For solving a problem of the form: AX=B
There are two options:
magma_int_t magma_dgesv (magma_int_t n, magma_int_t nrhs, double *A, magma_int_t lda, magma_int_t *ipiv, double *B, magma_int_t ldb, magma_int_t *info)
magma_int_t magma_dgesv_gpu (magma_int_t n, magma_int_t nrhs, magmaDouble_ptr dA, magma_int_t ldda, magma_int_t *ipiv, magmaDouble_ptr dB, magma_int_t lddb, magma_int_t *info)
With the latter one (magma_dgesv_gpu), I can use pinned CPU memory and async copy.
I wanted to know if there is an analogous version for the subroutine: magma_dsygvdx_m. (magma_dsygvdx_m_gpu?)
Where the magma_dsygvdx_m is called this way:
magma_dsygvdx_m (magma_int_t ngpu, magma_int_t itype, magma_vec_t jobz, magma_range_t range, magma_uplo_t uplo, magma_int_t n, double *A, magma_int_t lda, double *B, magma_int_t ldb, double vl, double vu, magma_int_t il, magma_int_t iu, magma_int_t *m, double *w, double *work, magma_int_t lwork, magma_int_t *iwork, magma_int_t liwork, magma_int_t *info)
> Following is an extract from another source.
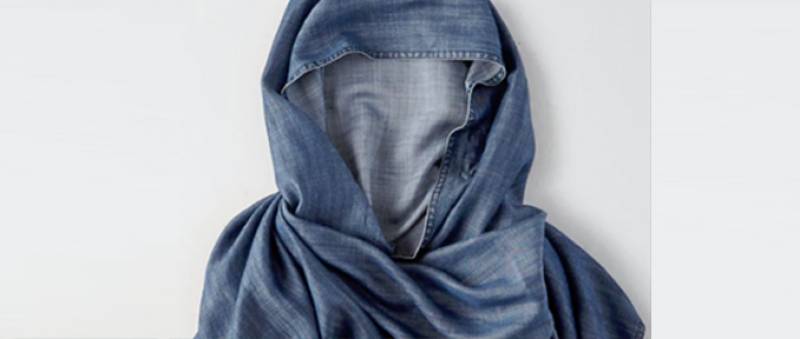 American Eagle Just Debuted A Denim Hijab Collection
My ultimate purpose is to reduce data transfer and improve efficiency.
Pinned memory for diagonalization dsygvd (Divide and conquer)
Re: Pinned memory for diagonalization dsygvd (Divide and conquer)
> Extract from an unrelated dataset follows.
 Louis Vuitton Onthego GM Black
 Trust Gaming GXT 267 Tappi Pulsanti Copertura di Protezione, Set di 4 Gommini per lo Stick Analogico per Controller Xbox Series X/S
Because of the complexity of managing an array distributed across multiple GPUs, we don't currently have a version of sygvdx_m where the matrix is given on the GPUs (i.e., sygvdx_mgpu).
I do recommend trying the 2-stage version, dsygvdx_2stage_m, which is often faster.
-mark
I do recommend trying the 2-stage version, dsygvdx_2stage_m, which is often faster.
-mark